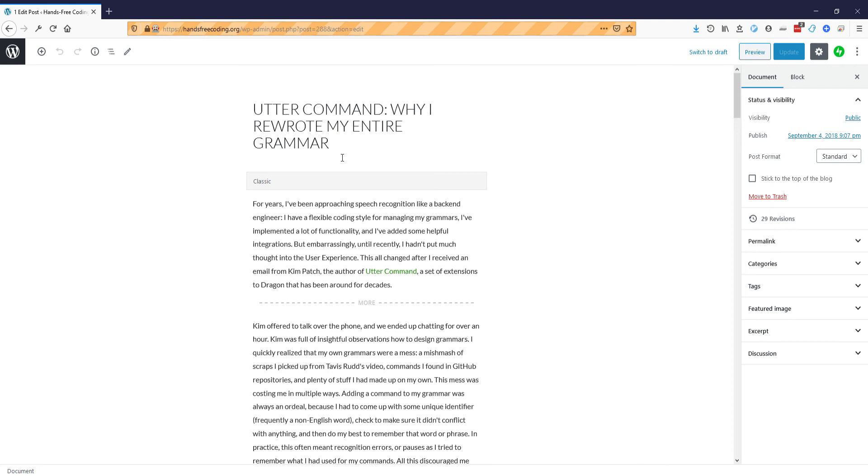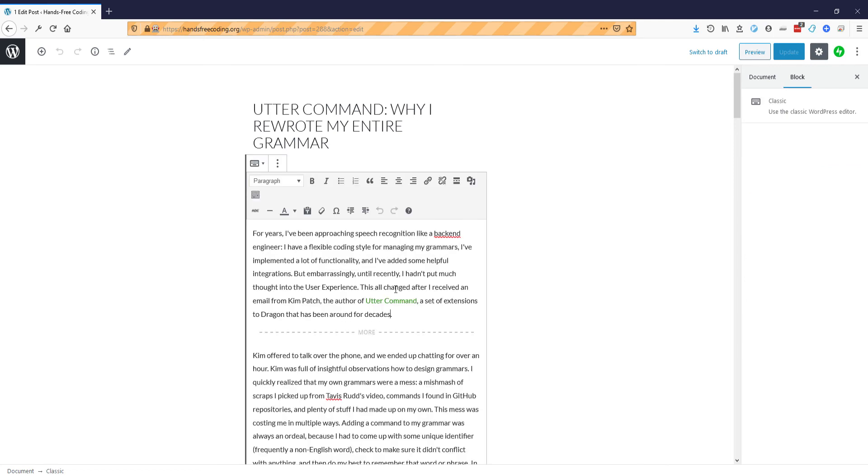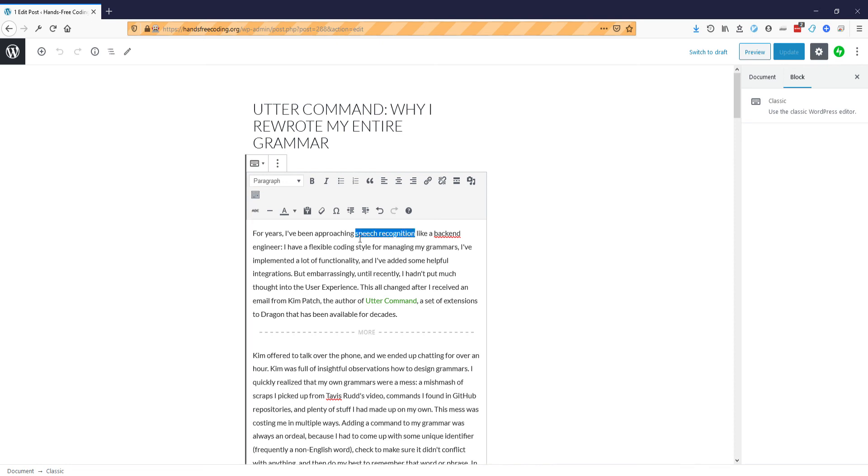Go after decades. Replace around with available. Go after recognition. Words before speech. Voice control.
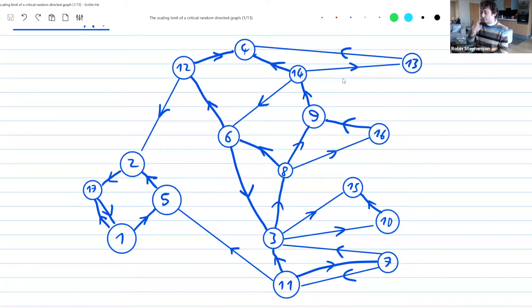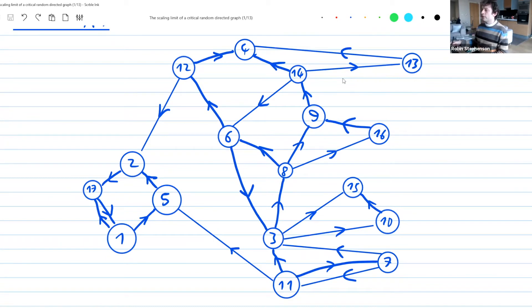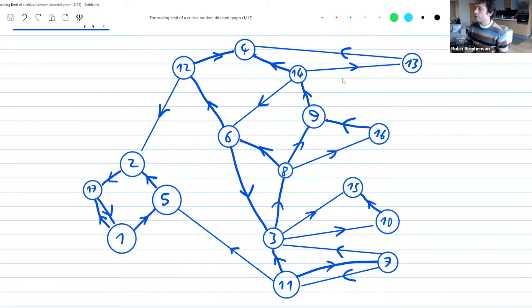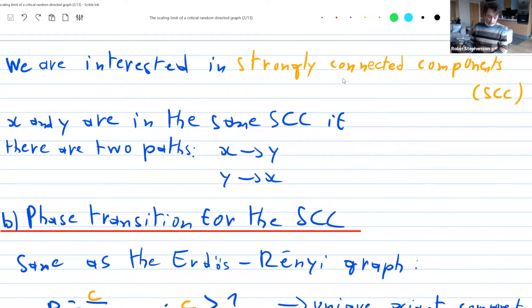Let's look at the picture and figure out the SCCs. Vertices 1, 5, 2, and 17 form a cycle: 1→5→2→17→1. There's no arrow leaving this set, so it forms one SCC. Similarly, 7 and 11 form a tiny cycle. Moving forward, 15 is alone, 10 is alone because we can leave but land in 15 and get stuck. There's a large component with vertices 3, 8, 9, 16, 14, and 6. The remaining vertices — 12, 13, 4 — are each alone.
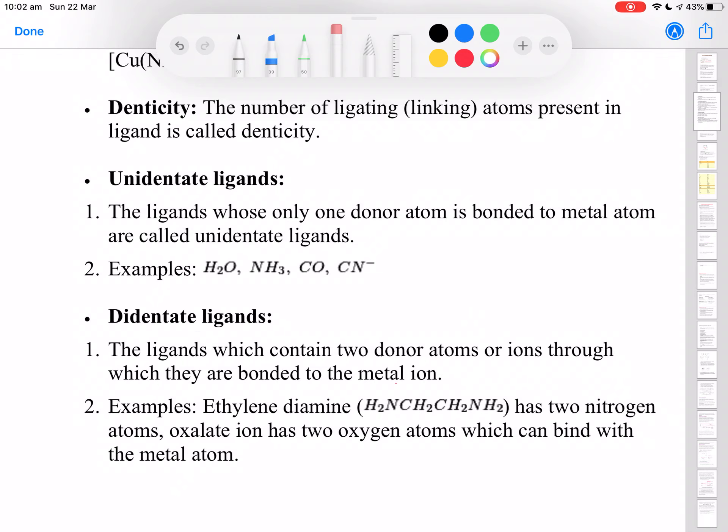Hi everyone, we are going to continue with chapter 9 on coordination compounds. In this video we are going to talk about the term denticity — what exactly is meant by the term denticity?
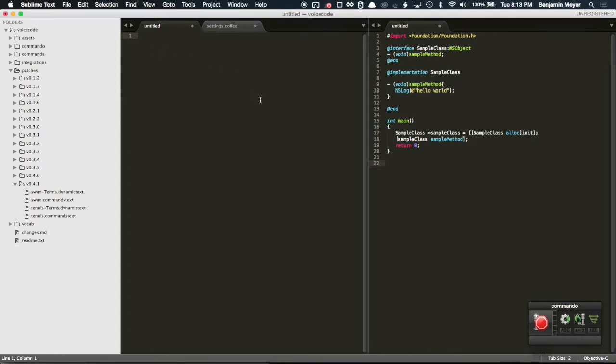Here's a quick voice code example of creating some Objective-C code. Let's check it out.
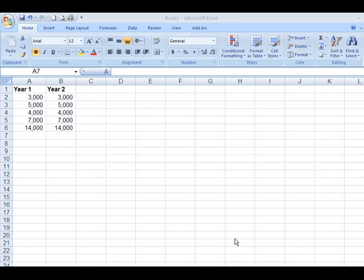I'm here to talk about the correct and the incorrect way to add numbers here. We have a series of numbers here that we're going to add up for year one and year two.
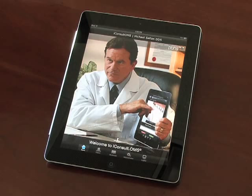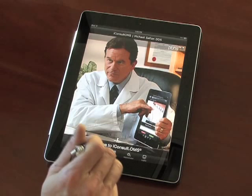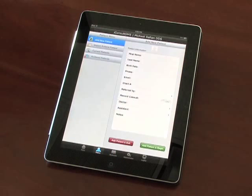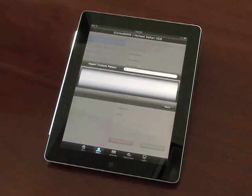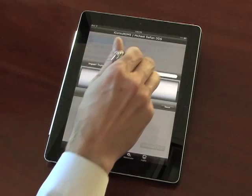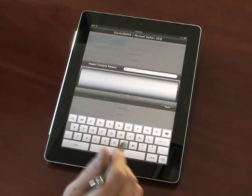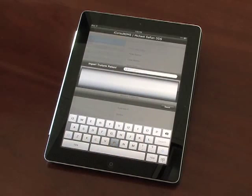After launching the application, you will be taken to the home screen. To add a patient, enter Patient Mode. You can add a patient manually by filling out the chart on the right, or you can import a patient's data from your TrueForm database.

□ □ □

WORK REQUIRED: Would you please repeat only the lines above, beginning at the one that has "Here's a quick" and stopping after the one that has "I'm here to", exactly and with no pictures?

TASK ANSWER:
Here's a quick voice code example of creating some Objective-C code. Let's check it out.
I'm here to talk about the correct and the incorrect way to add numbers here. We have a series of numbers here that we're going to add up for year one and year two.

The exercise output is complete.